If you are able to associate a reply (RE:) message with the original/previous message that it is a reply to, then I would think that you could grab the body text of the original/previous message from your database, and then remove that text from the body of the reply. However, this method will not be 100% accurate, because clients could convert an HTML/Rich Text email in to plain text, or vice-versa. In any such case, this method probably wouldn't work. Even so, this technique would be generic and probably work the majority of the time.
In addition, the email provider may add certain header fields, or preambles, to the beginnings of a quoted message in a reply. In this case, I don't think there is any "catch all" solution.

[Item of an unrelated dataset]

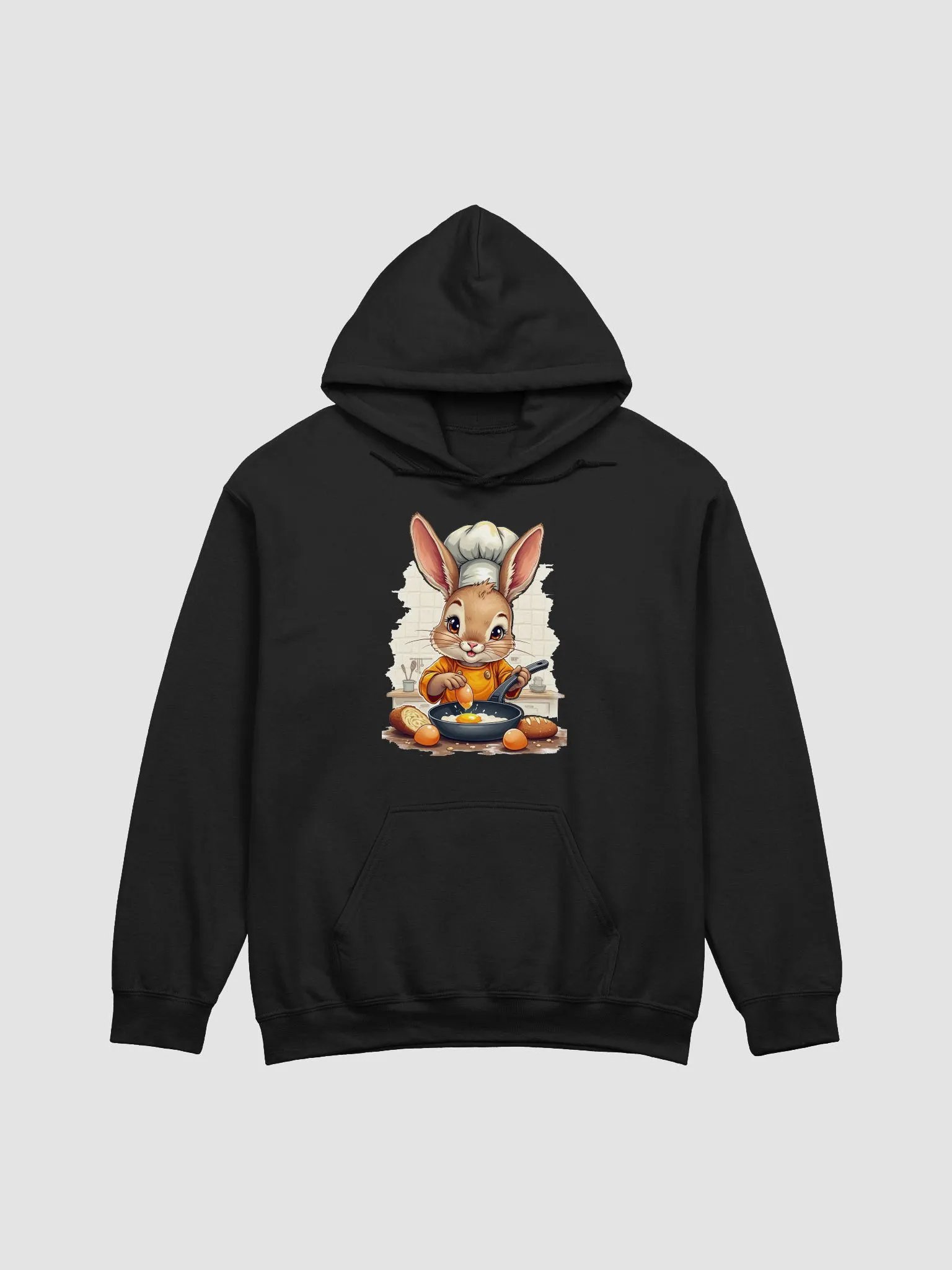 Bunny Chef Adventure Hoodie product image (4)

My recommendation would be to target a few of the really huge web-mail providers (Gmail, Yahoo, Microsoft, etc), learn the formats that they use for their replies and parse the messages accordingly. In addition, you could likely handle a few generic formats as well. For instance, the '>' character is commonly used at the beginning of each line of quoted text in a reply.
If you're going to be developing in a language like C#, create yourself an Interface like IReplyFormat
, with a corresponding implementation for each provider, and possibly some generic formats.
I don't think you will find any catch-all/perfect solution to this problem, as there are simply too many mail providers with too many different formats. However, I think you can at the very least find some techniques, like the ones mentioned above, that will work for you more times than not, which is the best you can hope for at this point.